Rio Tinto Ltd. (RTP) said Wednesday it will stop producing diamonds from its Argyle mine in Western Australia state for three months and slow work on the US$1.5 billion development of an underground operation at the mine in response to global market conditions.

The move is the latest in a steady stream of cutbacks the miner is making in a drive to cut 14,000 jobs and reduce capital spending by US$5 billion as it acts to pay down some of its US$38.9 billion debt and respond to sagging demand for commodities.

The underground project is to be slowed to only critical development activities, resulting in a workforce reduction and a demobilization of contractors.

"Given global market conditions, we will also reduce diamond production by taking an extended maintenance shutdown of the diamond processing facilities for up to three months, commencing in March," said Kevin McLeish, chief operating officer of Rio Tinto subsidiary Argyle Diamonds.

The transformation of Argyle, in the remote Kimberley region of Western Australia, from an open pit to an underground mine was due for completion in December 2010 and designed to extend the life of the mine beyond 2018.

The mine, which is one of the world's biggest and produces about 20 million carats of diamonds a year, is acknowledged in Australia as a leader in providing employment to local indigenous people.

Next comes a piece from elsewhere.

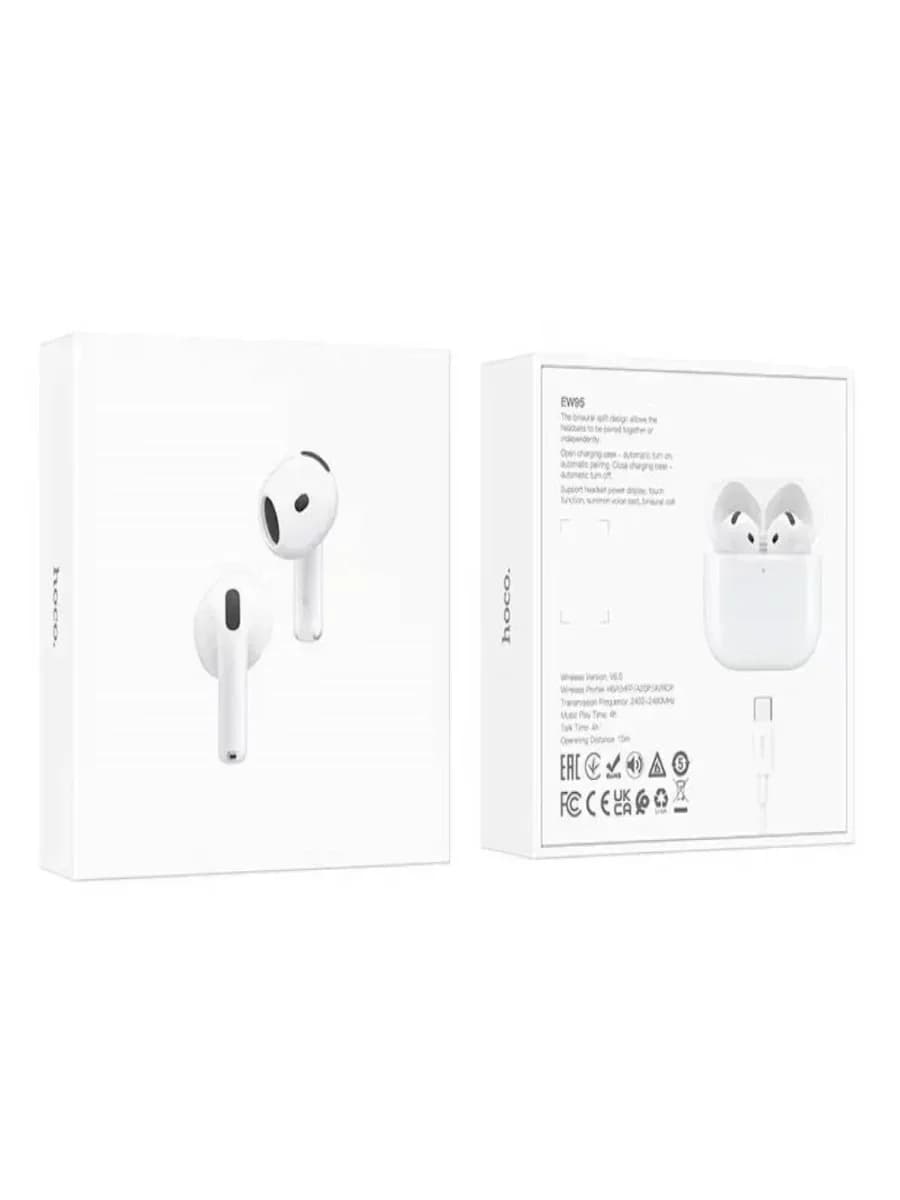 Беспроводные наушники AirPods 4 
“Hoco EW95”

Rio Tinto would not say how many jobs would be lost at the mine but said the vast majority would be among contractors, with its employees to be redeployed to maintenance, training and other activities where possible.

Engineering contractor Macmahon Holdings Ltd. (MAH.AU), which is carrying out the work on the underground project, said it expects to have to cut its workforce at the mine to about 140 from about 360 currently.

A spokeswoman for Macmahon said it would also look to redeploy workers, but given the slowdown in the mining sector was expecting about 200 redundancies.

Macmahon said its contract will be realigned to take into account the revised development program now being pursued at Argyle and this will reduce its contract revenue to just under A$20 million a year from A$80 million a year, until development activities recommence.

News of the changes at Argyle saw Macmahon's shares fall 10% or 4 Australian cents to 36 Australian cents by 0435 GMT while Rio Tinto was up 0.6% at A$40.61.

Rio Tinto is due to release its fourth quarter production report Thursday and investors will be watching closely for any further announcements of cuts to production and spending on growth projects.